College football has always been a bit of a disaster behind the scenes, despite all of its pomp and tradition, woofing alumni, and strange and wacky mascots. But it's never been this horrible in the name of Knute Rockne. Ever.
In the fall of 2020, college football is on the edge of a dramatic, if not yet catastrophic, collapse. And the repercussions could be felt for years.
"I can't fathom anything worse than what's going on right now, or how you're dealing with it," says Steven Rackley, a former athletic director who is now a professor at Rice University in Houston's department of sport management. "Right now, the biggest challenge is that you simply don't know."
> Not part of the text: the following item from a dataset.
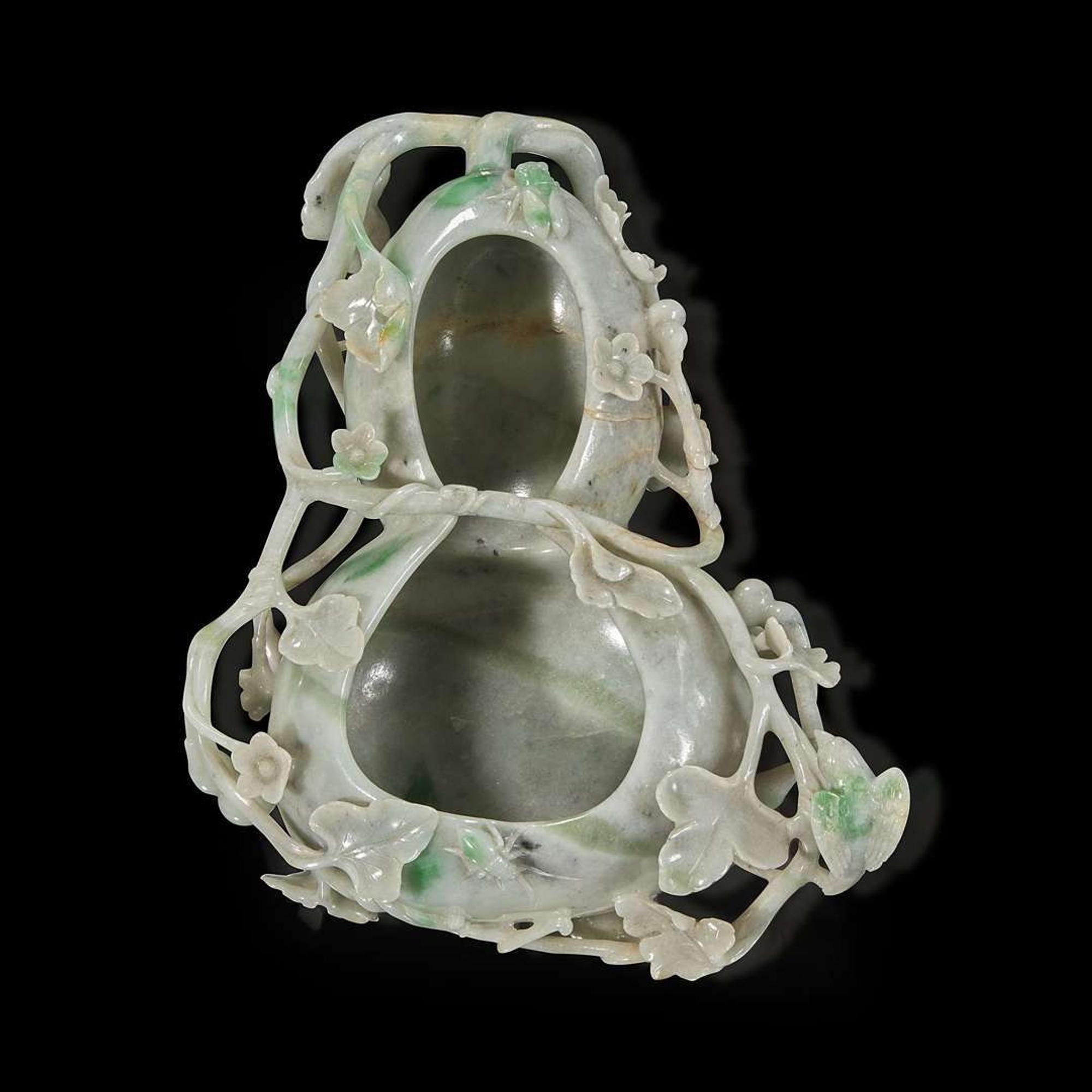 A Chinese carved jadeite double gourd brushwasher 翡翠葫芦笔洗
What is going on right now?
Here's a quick rundown of the situation, which unfortunately replicates what's ailing the country as a whole:
Those who prefer postponing the 2020 college football season and hunkering down until it's safe to play again have been set against those who want to get back to normal as soon as possible because to the coronavirus outbreak. (Does this sound familiar?)
Conferences are torn because they are doing it alone without any top-down supervision (again... ring a bell?). Some smaller conferences, such as the Mid-American Conference and the Mountain West, have already announced that autumn sports, including football, will not be played. The Big Ten, which includes football powerhouses such as Michigan, Ohio State, Michigan State, Penn State, Nebraska, and others, joined them on Tuesday, Aug. 11, 2020, by postponing the whole 2020-21 autumn sports season. The PAC 12, which includes powerhouses like UCLA, University of Oregon, and University of Southern California, followed suit shortly after.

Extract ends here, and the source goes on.